Midway through lunch at Sara, a family-run restaurant in northern Kyoto, I started to suspect that the chefs subscribed to a philosophy of daintiness. The food was as pretty as it was good to eat, but the portions were decidedly petit.
This was especially so with the hassun, an appetizer plate that typically combines various seasonal ingredients. Chefs often try to outdo each other in the presentation of this dish, often clearing entire forests in their efforts to foliate the dish. But Koji Hayashi, the chef and proprietor at Sara, takes a more refined and simple approach, he uses only a few Japanese maple leaves as decoration (or distraction) on a slender white narrow plate. At first I thought this seasonal dish contained a tiny portion of quiche, but it turned out to be a bite-size piece of kamo nasu, a Kyoto variety of eggplant, covered in miso paste. It was a sweet little teaser. The eggplant was accompanied by nidako (simmered octopus) and an unusual variation of sushi: tai (sea bream) on vinegared rice, wrapped in flavorful shiso (perilla) leaves. The accompanying sweet potato could have been simmered a little more, however. In a small dish atop the maple leaves was a serving of mozuku, a type of briny edible seaweed that your mother might say you should eat because it’s good for you.

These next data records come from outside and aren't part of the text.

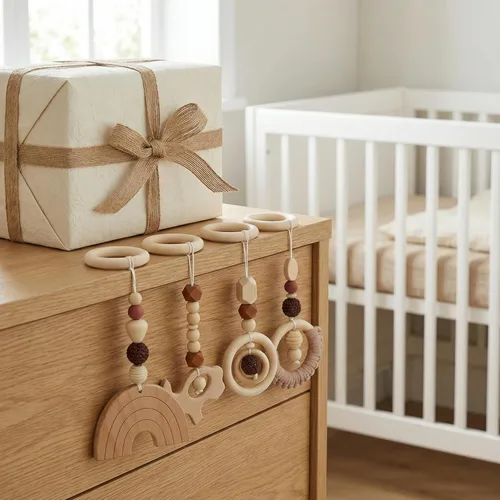 Miniatura 6 de Toddmomy Juguetes de madera para colgar de madera, 4 piezas, juguete colgante de actividad de madera, decoración sensorial para guardería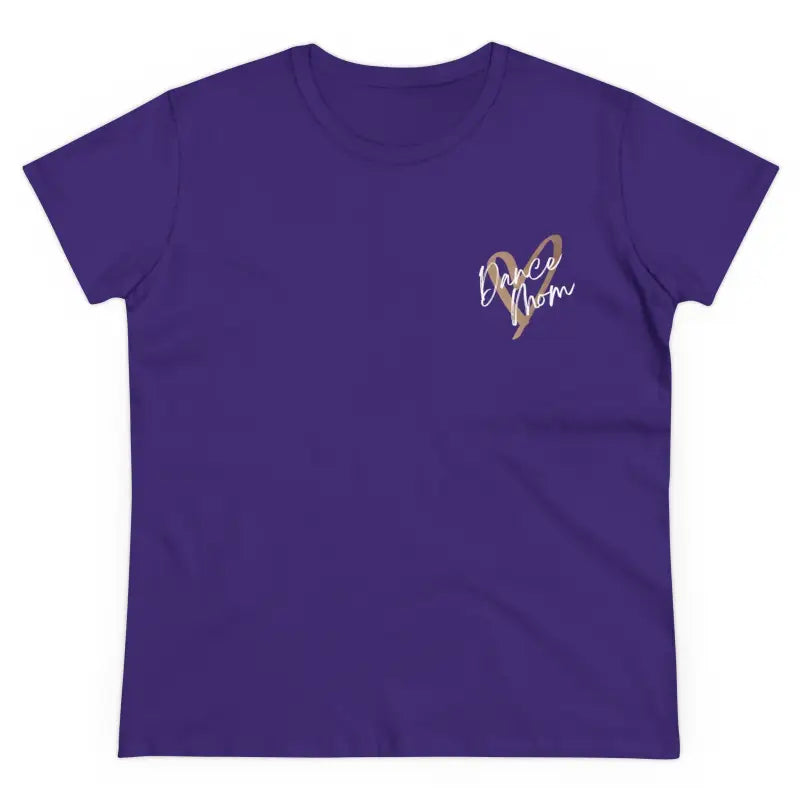 Purple t-shirt with a small metallic heart design on the chest.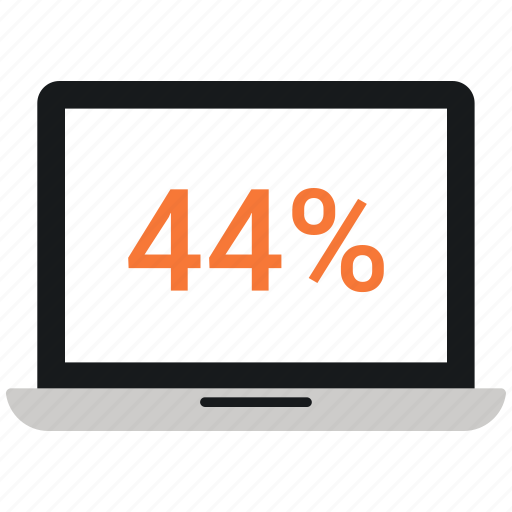 Forty four, laptop, online, percent, share purches, share sale icon - Download on Iconfinder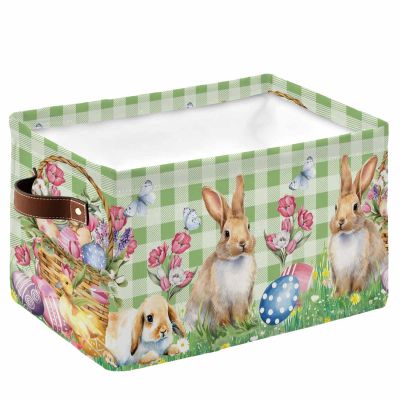 Large Storage Baskets Bins Happy Easter Collapsible Storage Box Laundry Organizer for Closet Shelf Nursery Kids Bedroom Spring Bunny Easter Basket Eggs Green Plaid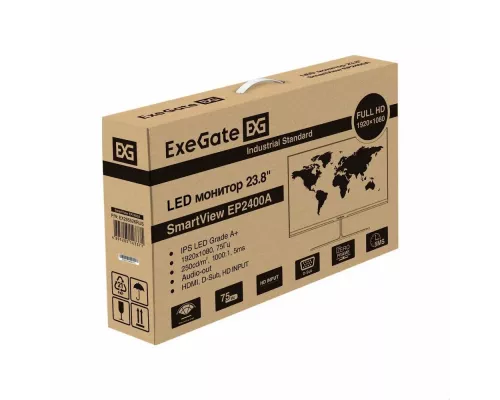 Монитор 23.8" ExeGate EP2400A {IPS 1920x1080 75Hz 5ms 250cd 1000:1 178/178 D-Sub HDMI1.4 AudioOut встроенный БП FreeSync VESA, регулировка наклона}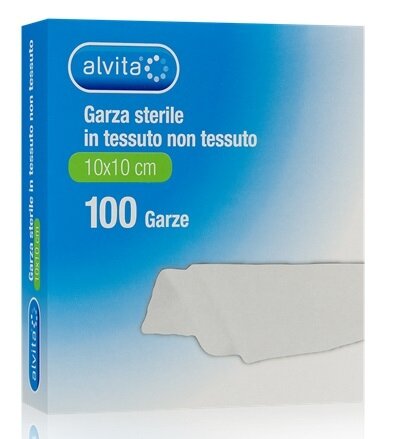 Alvita garza sterile in tessuto non tessuto 10x10cm 100 pezzi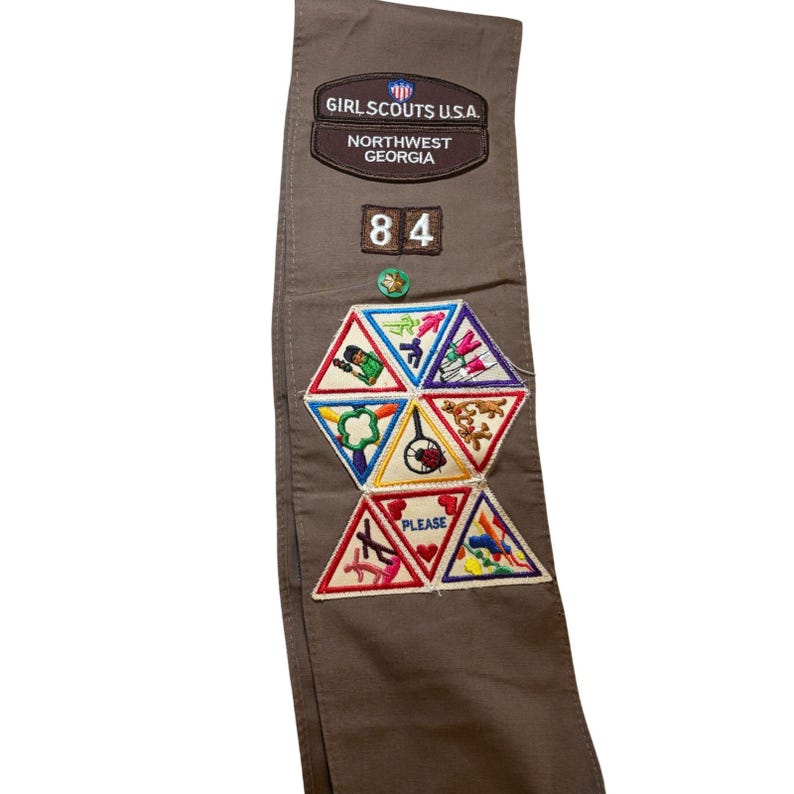 Vintage Girl Scout Brownie Sash Panel Northwest Georgia Troop 84 w/Patches 90s image 2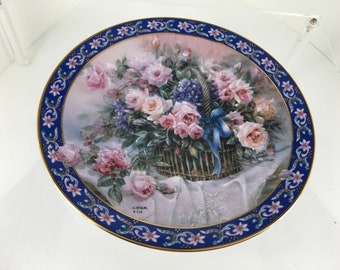 Vintage &quot;Roses&quot; Eerste in serie Collector&#39;s Plate door Lena Liu 1992 voor Bradford Exchange
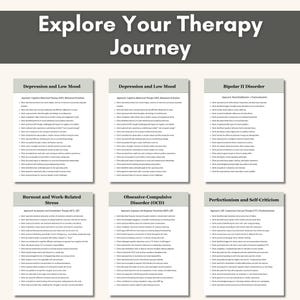 May include: An image featuring the text "Explore Your Therapy Journey." Six panels below detail topics such as "Depression and Low Mood" and "Obsessive-Compulsive Disorder (OCD)," each with bulleted lists of related points.
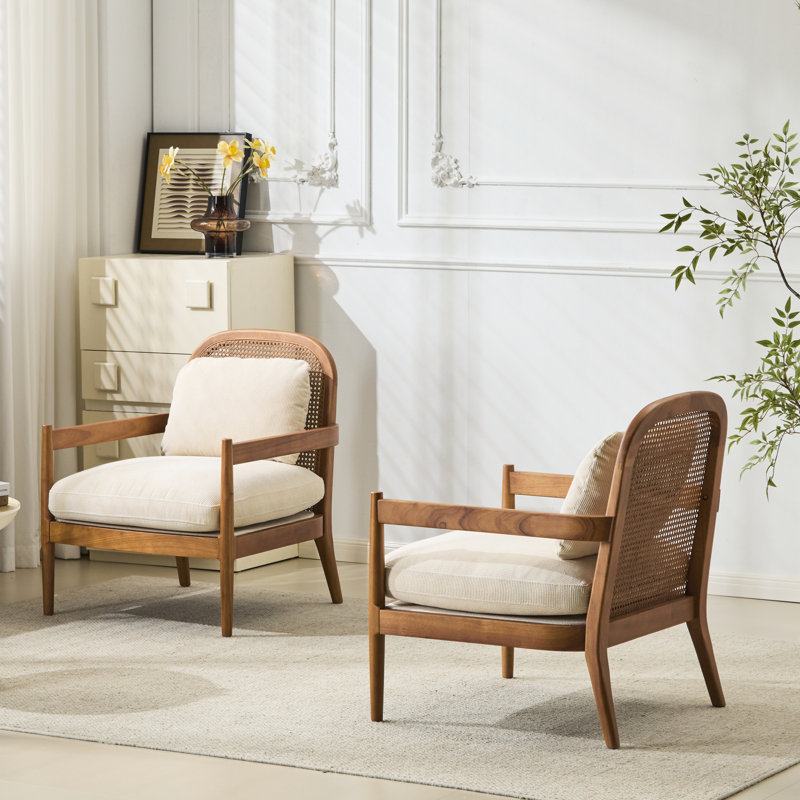 Chaises d'appoint de 26,6 po de style Mid-Century, bois de noyer et revêtement rayé pour le style détente de la chambre à coucher, coin lecture beige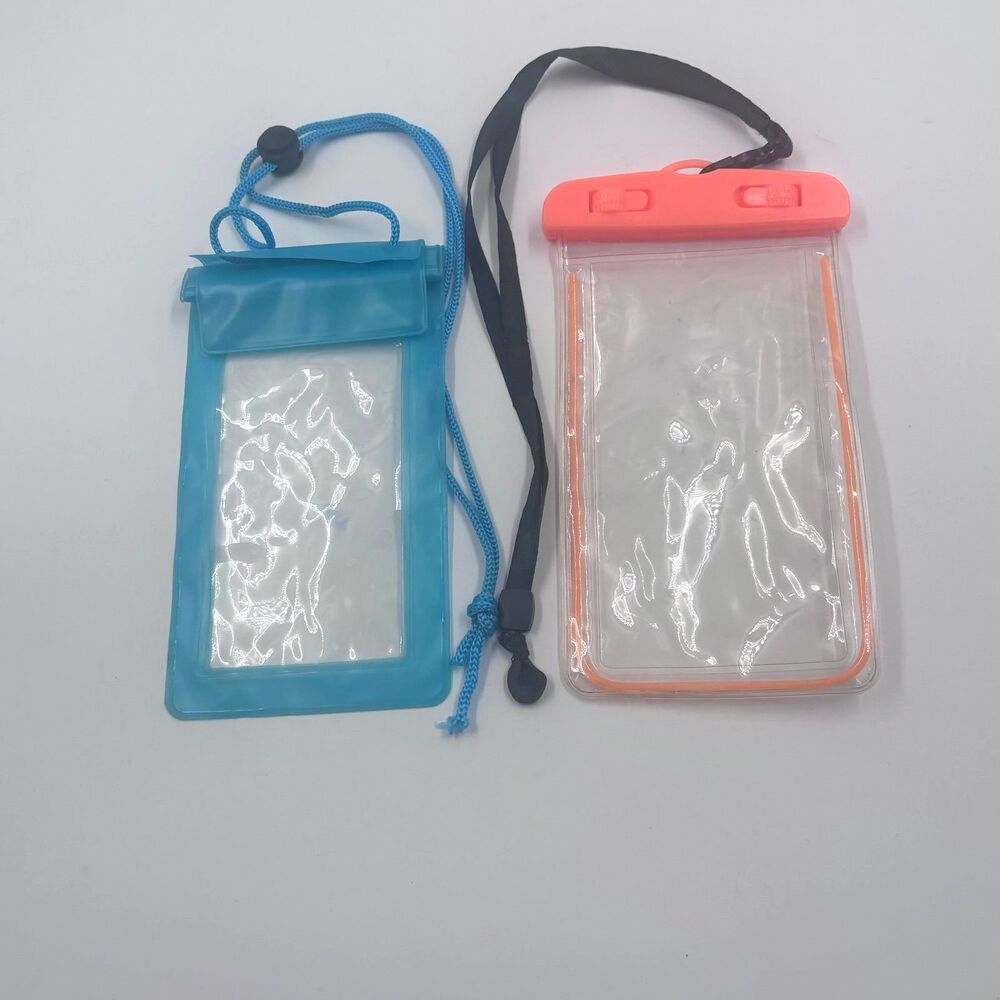 Universal Waterproof Phone Pouch Dry Bag Lot Blue Orange Clear Water Sports 2pc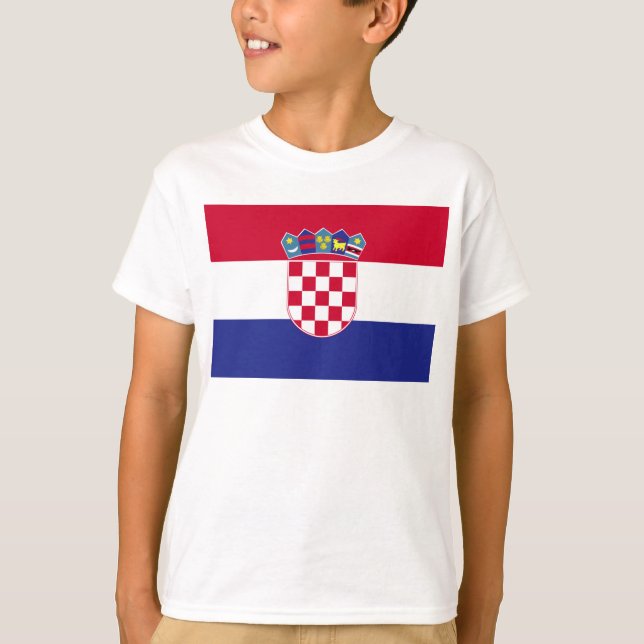 T-shirt Bandeira de Croatia (Frente)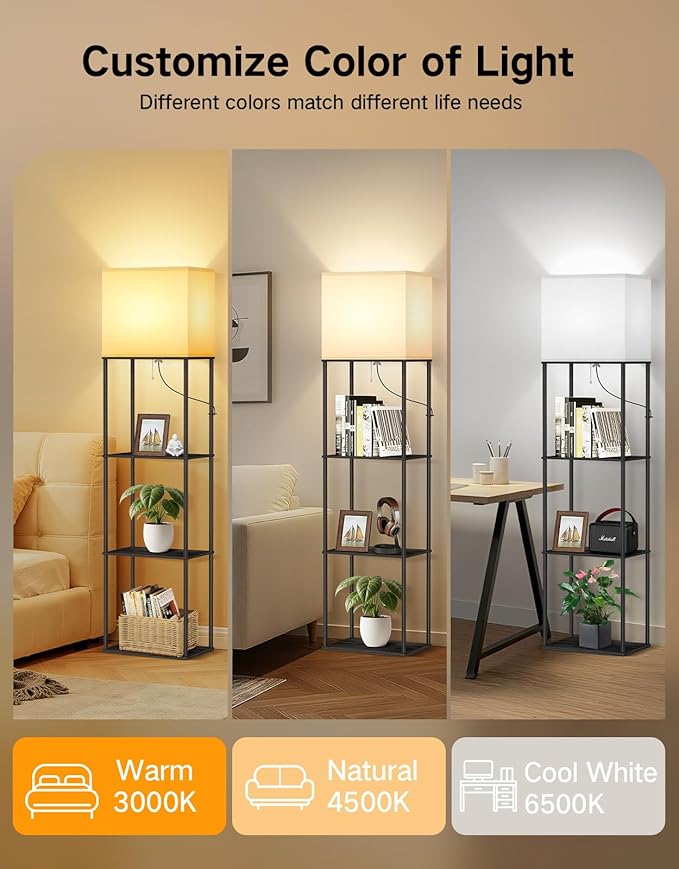 OUTON Floor Lamp with Shelves, Modern Large Size Rectangle Standing Shelf Lamp with 3 Color Temperature Bulb, Storage Display Wood Column Tall Bookshelf Lamp for Living Room, Bedroom Office, Black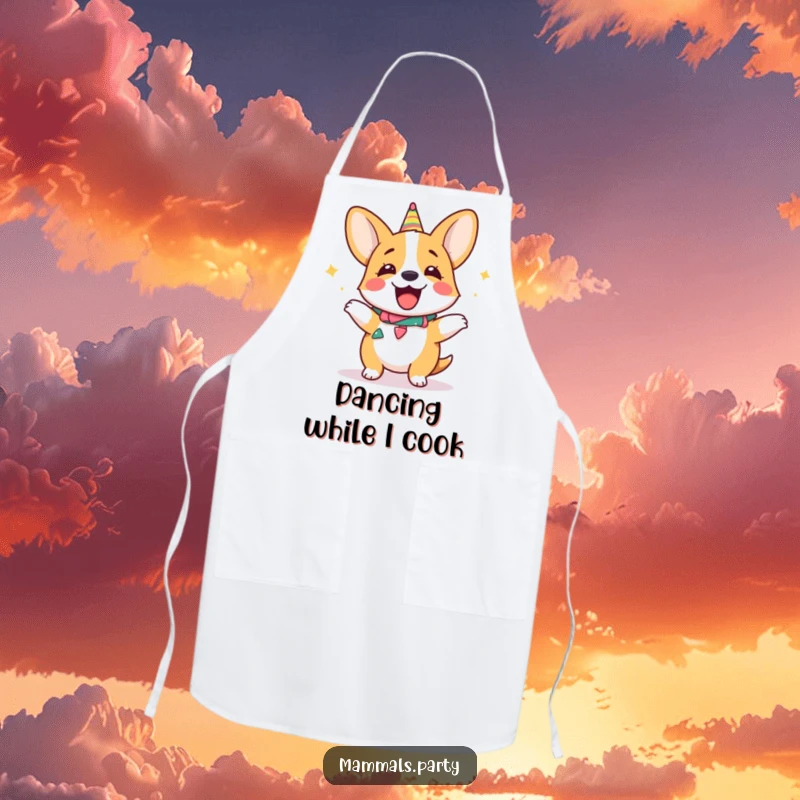 Funny giggling corgi apron, sporting a party collar and dancing, ready for kitchen fun and festive meals.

Successive dishes included a modest nabe hot pot with sea bream, nameko mushrooms and tofu, followed by a small serving of Japanese whiting tempura and melt-in-the-mouth sashimi of squid and Meiji maguro (baby bluefin tuna) — the tuna’s subtle toughness was a nice contrast to the squid.
However, the daintiness of all these was only a ploy to prepare you for the next course. When the ayu (sweetfish) was served there was nothing dainty about it. This seasonal staple of kaiseki ryōri (multicourse dining) was salted and grilled, and was skewered in a way that made it look like it was still swimming. Unusually, it was served with tatezu, a bright green dipping sauce made from bamboo and vinegar that helped take the bitter edge off this freshwater fish. Happily, I was forced to shelve my presumptions that Sara only served dainty dishes.
I ate the nine-course kaiseki lunch (¥4,500), but there are several other reasonably priced options including a mini-tasting course (¥3,500) as well as a beautiful looking bento box (¥2,500).
Most of the restaurant is given over to floor seating, and it’s a good space for families or small gatherings, but there’s also a small counter at the back. For anyone traipsing north of the city — headed for Shimogamo Shrine or Daitokuji Temple — Sara is a worthy layover.